As a stronger upper level ridge builds into the Tennessee Valley
Monday night through Tuesday night, it looks like we may receive a 
break from scattered to more widespread shower and thunderstorm 
chances. Cannot rule out isolated to widely scattered activity
though. With a bit more instability and dry air aloft, stronger
storms producing gustier winds, small hail, and frequent lightning 
will remain possible though.

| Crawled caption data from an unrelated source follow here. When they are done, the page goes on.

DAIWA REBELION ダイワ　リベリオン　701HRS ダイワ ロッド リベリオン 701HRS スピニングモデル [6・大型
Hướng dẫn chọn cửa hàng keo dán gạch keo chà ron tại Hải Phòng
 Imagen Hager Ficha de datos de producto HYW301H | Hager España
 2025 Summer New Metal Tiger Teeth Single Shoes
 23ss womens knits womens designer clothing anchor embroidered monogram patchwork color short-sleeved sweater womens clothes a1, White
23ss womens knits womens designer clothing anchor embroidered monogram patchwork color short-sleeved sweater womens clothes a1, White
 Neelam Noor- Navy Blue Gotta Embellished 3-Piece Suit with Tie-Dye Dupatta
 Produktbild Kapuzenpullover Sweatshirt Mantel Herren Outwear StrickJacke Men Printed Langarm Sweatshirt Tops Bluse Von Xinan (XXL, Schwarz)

High temperatures should climb a bit
into the low 90s in most locations, except in higher elevations of
northeastern Alabama and southern middle Tennessee. 

Precipitation chances could increase again by the end of the week, as
additional pieces of energy affect the area.


.AVIATION...(For the 18Z TAFS through 18Z Friday afternoon)
Issued at 1205 PM CDT Thu Jun 21 2018

VFR conditions will be the predominant flight category at each
terminal this afternoon, with only light, isolated showers creating
VCSH at both sites. Ceilings/vis may drop this evening at HSV and MSL
from a cluster of storms progged to drop SE thru the region between
00-06z. Thereafter, dry conditions, but low MVFR ceilings around 
1-2kft are expected to prevail. Clouds will gradually lift to VFR 
levels after sunrise. More robust convection is expected after 18z on
Friday, beyond the scope of this TAF period (and was not mentioned).